_Instructions to follow_
Omit the images, then repeat the listing exactly.
___ Data block
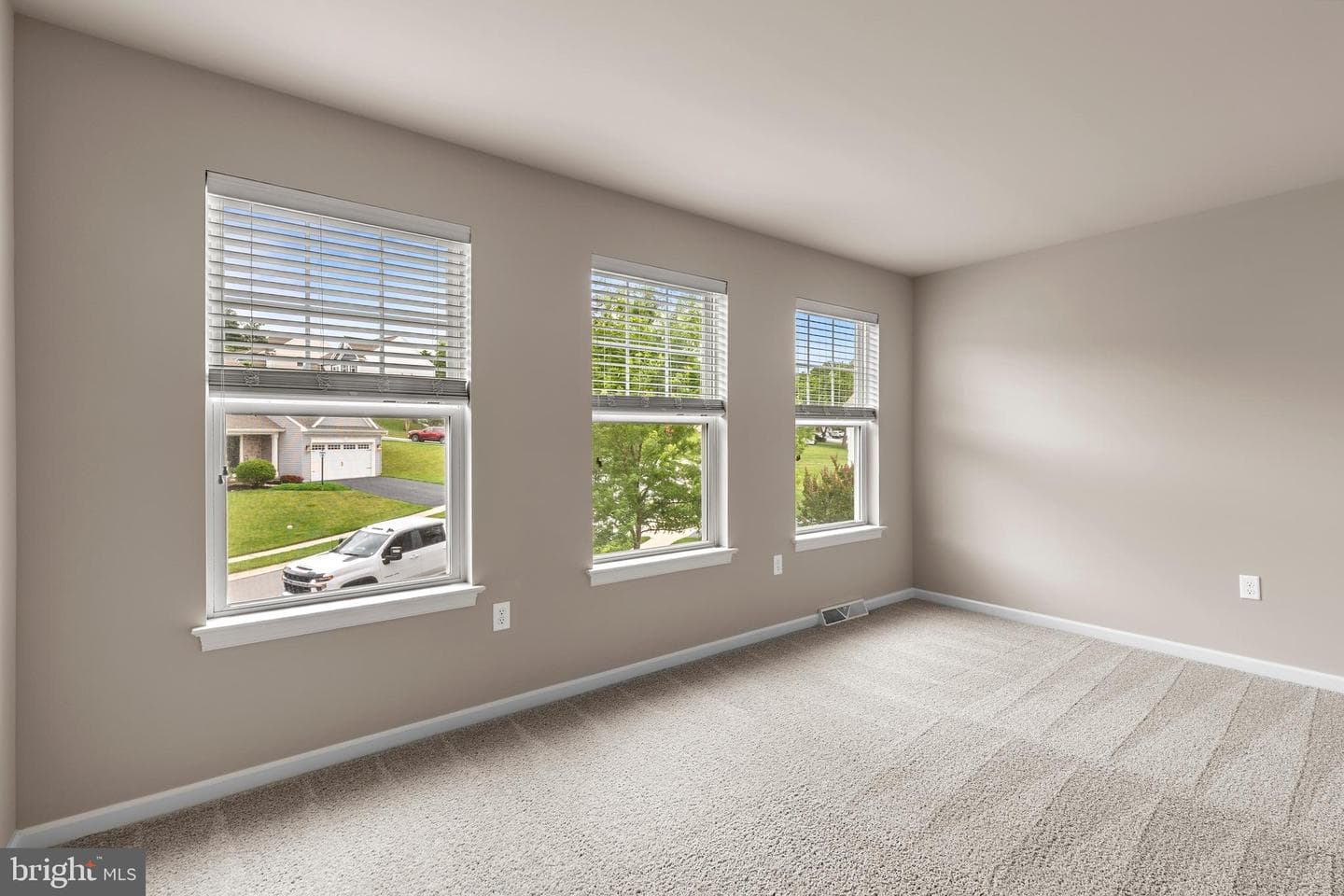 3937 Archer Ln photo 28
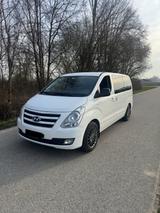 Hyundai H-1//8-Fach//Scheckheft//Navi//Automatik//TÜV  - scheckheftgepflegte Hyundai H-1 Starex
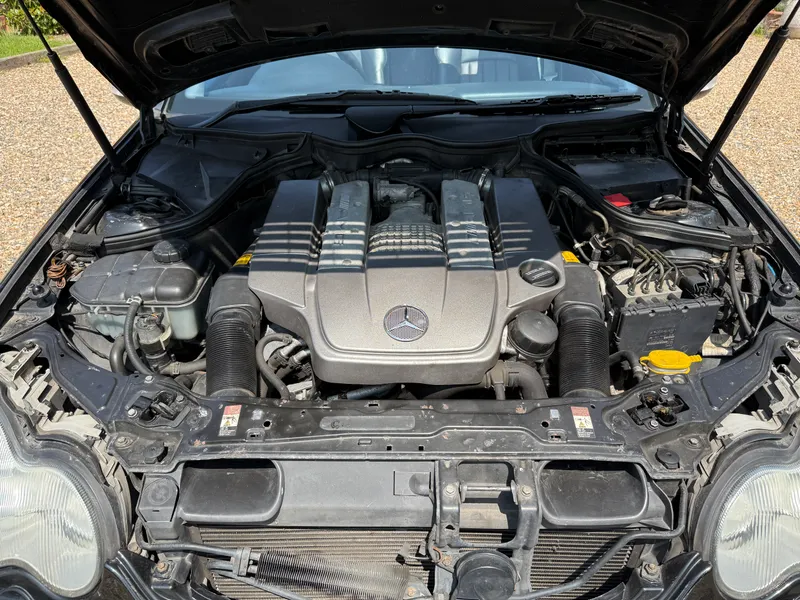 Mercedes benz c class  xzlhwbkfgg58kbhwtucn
______
_Answer box_
 3937 Archer Ln photo 28
 Hyundai H-1//8-Fach//Scheckheft//Navi//Automatik//TÜV  - scheckheftgepflegte Hyundai H-1 Starex
 Mercedes benz c class  xzlhwbkfgg58kbhwtucn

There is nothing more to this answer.